Il rugby di cui amiamo e ostentiamo l’etica sul campo da gioco e la qualità dei comportamenti di atleti e tifosi, a livello dirigenziale e di struttura è uno sport molto uguale agli altri, forse peggiore (sempre che sia possibile).
Uno sport ricco che in Italia sembra completamente avvitato su se stesso, denaro sprecato o generosamente offerto agli amici di sempre, un’incapacità cronica di individuare i problemi e correggerli, la totale chiusura a chi viene da fuori e non ha giocato ai massimi livelli, come se esistessero delle credenziali di accesso che però non includono la capacità di gestione e la decenza dei comportamenti.

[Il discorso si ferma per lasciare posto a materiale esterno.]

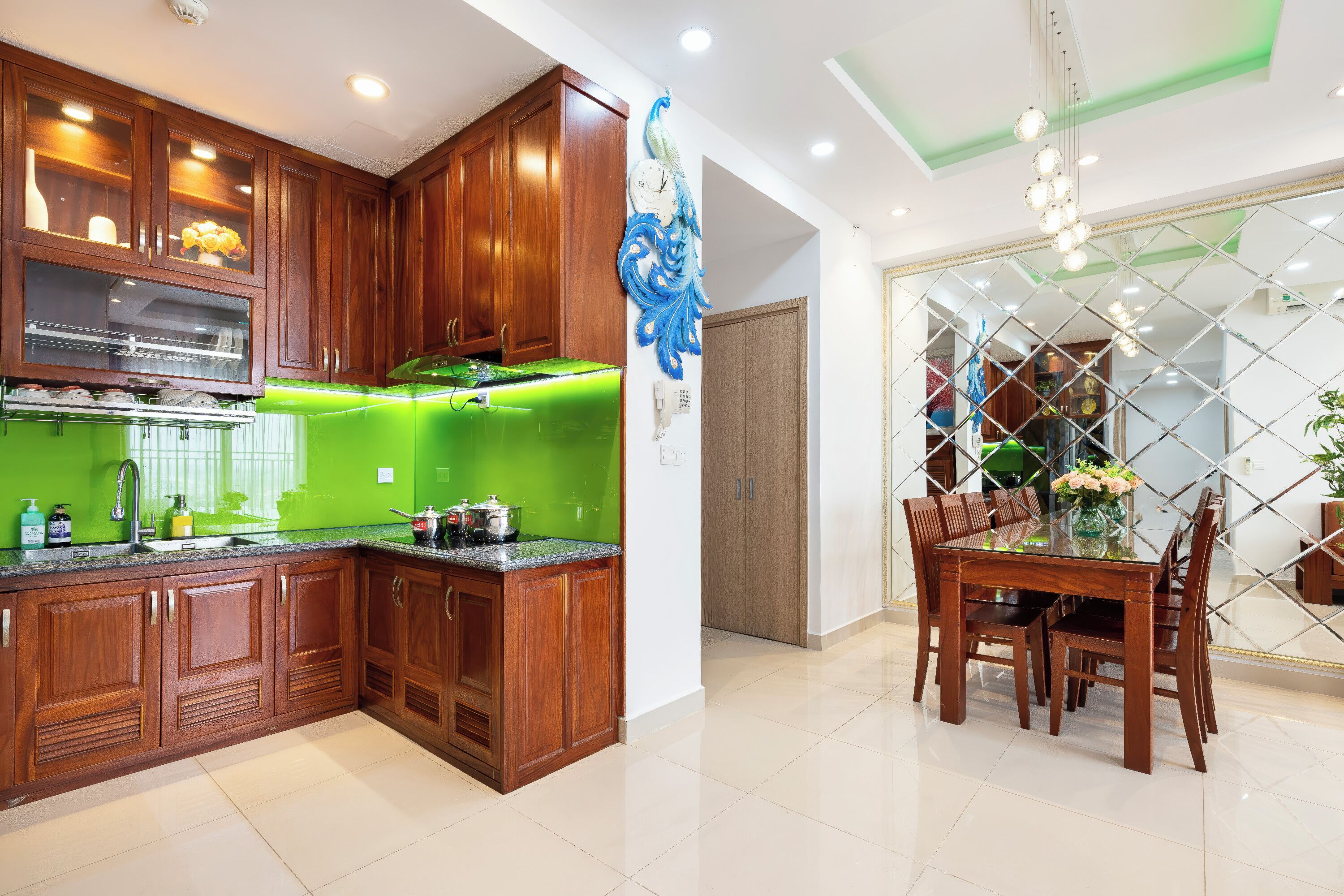 Una cocina moderna con armarios de madera, un salpicadero verde y un comedor con mesa y sillas de vidrio.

Ho assistito da vicino alla vicenda delle Zebre e la ritengo perfettamente esemplificativa della situazione drammatica del rugby italiano, soffocato dalle smanie di protagonismo di un Presidente che tratta la FIR come fosse cosa propria, che forse ignora le più elementari regole di gestione di un flusso di denaro che piove su una squadra ancora gestita dalla Federazione stessa nonostante la facciata goffa di un azionariato più polverizzato che non diffuso, utile alla causa del Presidente e drammaticamente inutile per il futuro Zebre.
Ho assistito da vicino al tentativo di due persone perbene (Romanini e Amoretti), di trasformare il caos in qualcosa di meglio, di dare alla società delle regole, di renderla se non proprio redditiva almeno sostenibile, di pensarla come un’azienda dello sport, ma il tentativo è miseramente fallito, nonostante ci fossimo impegnati tutti per sostenere il loro sforzo, nonostante loro stessi abbiano dato ben oltre quanto fosse ragionevole sperare che dessero, a livello emotivo e professionale.
Ho evitato di parlarne pubblicamente perché ritenevo la vicenda triste e soprattutto perché ero in attesa di una svolta, una qualunque, purché contenesse gli elementi di discontinuità che sono necessari per salvare le Zebre e non far perdere la faccia una volta ancora al rugby italiano.
Due giorni dopo la disfatta di Dublino però, di fronte a un Presidente federale che la rivendica come un risultato notevole, non riesco a contenere il fastidio e non riesco a non considerare la vicenda delle Zebre e il suo probabilissimo triste epilogo (come se Crociati e Aironi non fossero stati sufficienti), l’emblema di uno sport, di un movimento (come piace dire a tutti, ormai ironicamente), che non può e non deve essere gestito così.
Perché così si va verso l’estinzione, lentamente, inesorabilmente, goffamente”.